The city's Board of Health voted during a Thursday night meeting to rescind the mandate, according to the Philadelphia health department, which released a statement that cited "decreasing hospitalizations and a leveling of case counts," the Associated Press reported.
The health department did not release data backing a reversal on masking, which became effective Friday morning. But acting health commissioner Dr.
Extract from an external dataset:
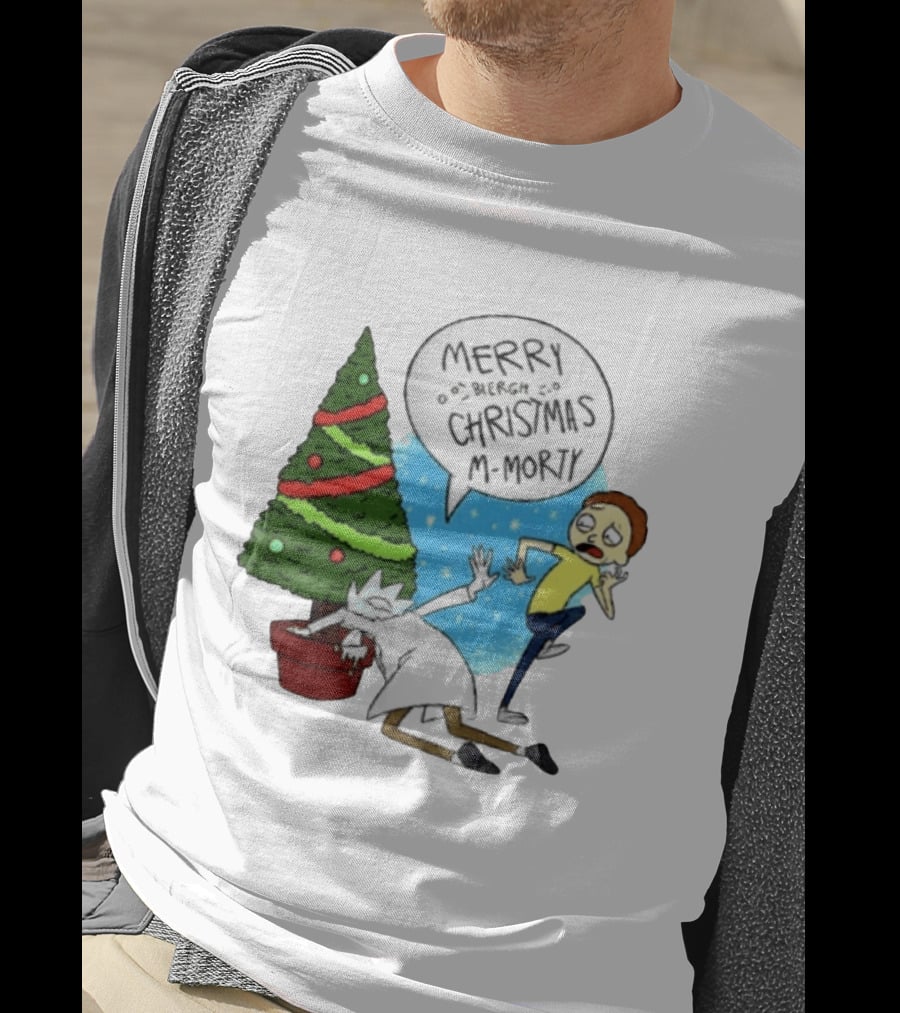 Merry Blergh Christmas M Morty Drunk Ricks Greeting Rick And Morty T-Shirt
Cheryl Bettigole told the Board of Health at the meeting that hospitalizations had unexpectedly gone down 25% in a matter of days, the AP said.
"We're in a situation that we really had not anticipated being in this soon but it is good news," she said. "So I'm really very happy to say it appears that we no longer need to mandate masks in Philadelphia and that we can actually move to simply a strong recommendation [for indoor masking]."
Philadelphia had become the first major U.S. city to reinstate its indoor mask mandate, but officials faced fierce blowback from residents as well as a legal effort to get the mandate thrown out.
The resumption of the mandate was announced April 11 and was automatically triggered because the average daily number of newly reported cases rose by nearly 70% over a 10-day period, to more than 100 cases a day, according to The New York Times.
After the April 11 announcement, the number of COVID-19 hospitalizations nearly doubled, from 46 to 82. But Bettigole told the Board of Health Thursday night that hospitalizations had since dropped down to 65, the AP reported.